A couple walks into a piano bar… It sounds like the beginning of a bad joke, right? Instead, it’s a quintessential evening out in the Big Apple. But rather than the expected smooth jazz ensemble, the solo pianist is playing — surprise! — a moody version of Nirvana’s “Smells Like Teen Spirit.” Something glorious has emerged in the nightlife world: the resurgence of New York City’s piano bar scene, but with a whole new attitude.
As classic cocktails have come back into favor, there may be no better complement to an old-fashioned than the clubby atmosphere of a piano bar, where the pièce de résistance is a shiny black instrument that transforms any room into a celebration. But let’s get this straight: This is not the dueling pianos of your college days, where classic rock ballads were accompanied by shots and bad decisions. Think of this as the more refined older sibling who still likes to party on occasion.
Decades ago, piano bars became an integral part of New York City’s nightclub scene for those seeking something in between a jazz club and a supper club. Marie’s Crisis Cafe, a stalwart in show tunes sing-alongs, dates back to the 1800s. Then there’s Brandy’s, an Uptown darling that’s been around for 35+ years and exudes a more raucous vibe, where a musician will happily bust out Taylor Swift or Cardi B. And we can’t talk piano bars without mentioning Bemelmans Bar, the 1940s-era lounge helmed by tuxedoed, white-gloved servers — truly the gold standard. The main thing that’s changed? An influx of Gen Zers, wide-eyed young things, all dressed up and in search of a good time.

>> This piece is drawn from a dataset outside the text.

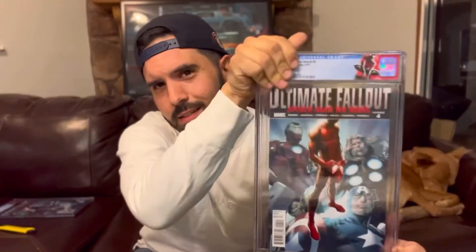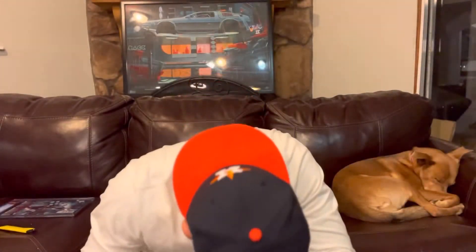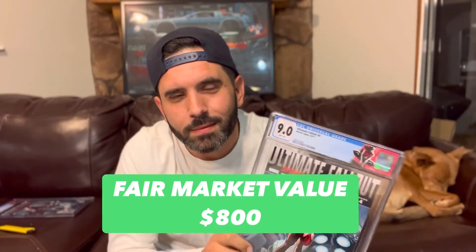Looks great. Here's shot number two — let's hope for a 9.6. No. 9.0. So you can see here, there's a color rub right there, or printer defect. There they are — first appearance of Miles Morales: 9.4 and 9.0. These books are gorgeous.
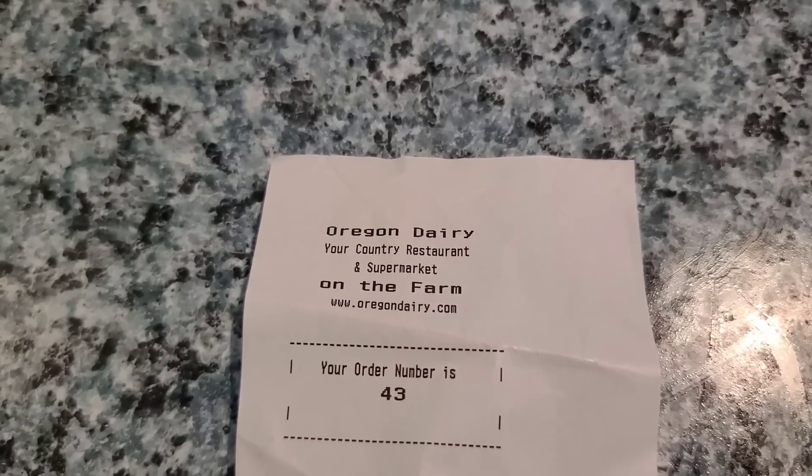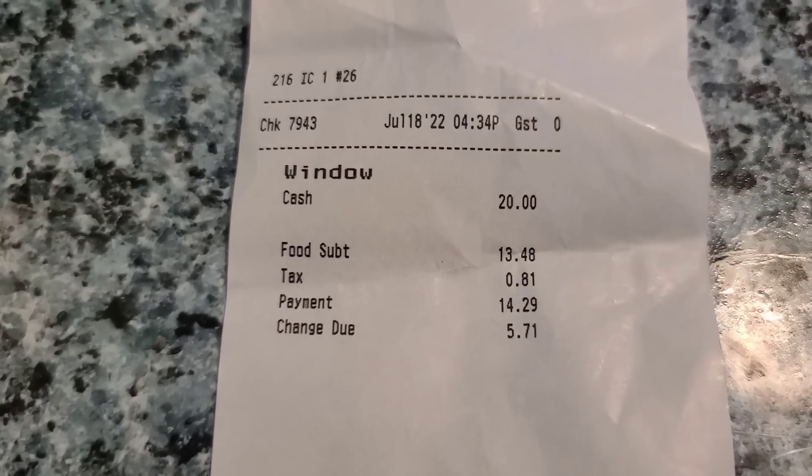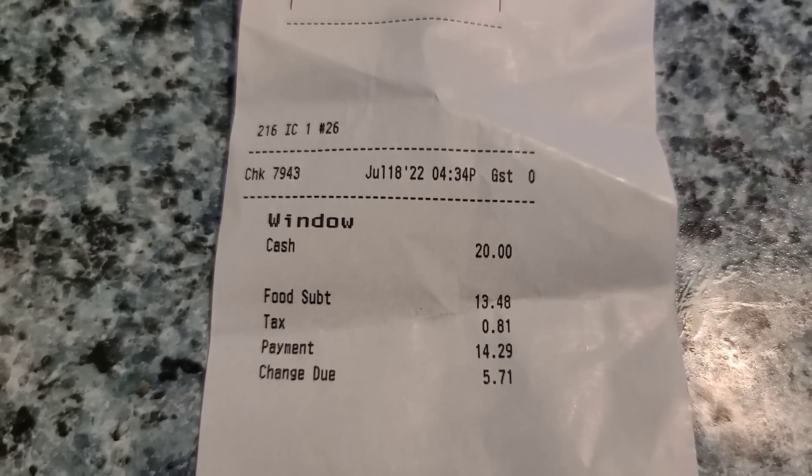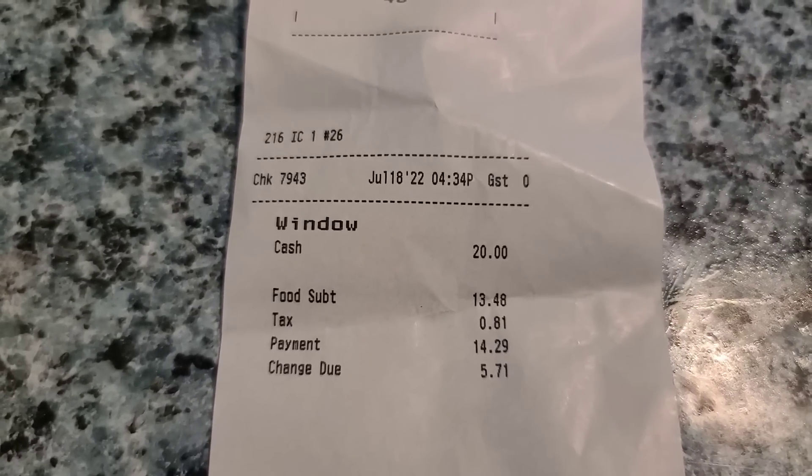Here's our receipt at the Oregon Dairy for both of them — it doesn't break each one down individually. It was $13.48 with tax, $14.29 total, but there was a lot of ice cream there.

Post-pandemic, the Big Apple has adopted a bring-me-the-good-stuff attitude (caviar! Dom!) with a serious dose of swagger. Enter establishments like the Nines. This celebrity magnet piano lounge is inspired by European lobby bars such as Dukes in London and the Bar Hemingway in Paris. The room is swathed in scarlet velvet with cheetah-print wallpaper and cushy banquettes that serve as the backdrop for monied Millennials sipping gin martinis. Here, guests are encouraged to dress to the nines (naturally), which equates to everything from backless velvet cocktail dresses to white tuxedos paired with high-top sneakers. After all, life is short — wear the good stuff.
But back to that Nirvana tune. That couple was my husband and me, seated at a cozy table at Melody’s Piano Bar. This place is polished, with an opulent atmosphere that shows off with palm-covered Versace wallpaper, checkered black-and-white flooring, art deco fixtures and a working fireplace. It feels splurgy and celebratory as you snack on potato chips topped with caviar and sip a shaken basil collins, all while keeping it cool with melodic alt rock.
Like bell bottoms, grunge and gimlets, most trends eventually return, so it was only a matter of time before piano bars were back in vogue. But perhaps the best throwback we could ask for in today’s day and age is the opportunity to put down our phones, actually tune in and, if we’re so inclined, even participate in the performance (as in, the later the night, the louder the sing-along). Isn’t that what entertainment is all about?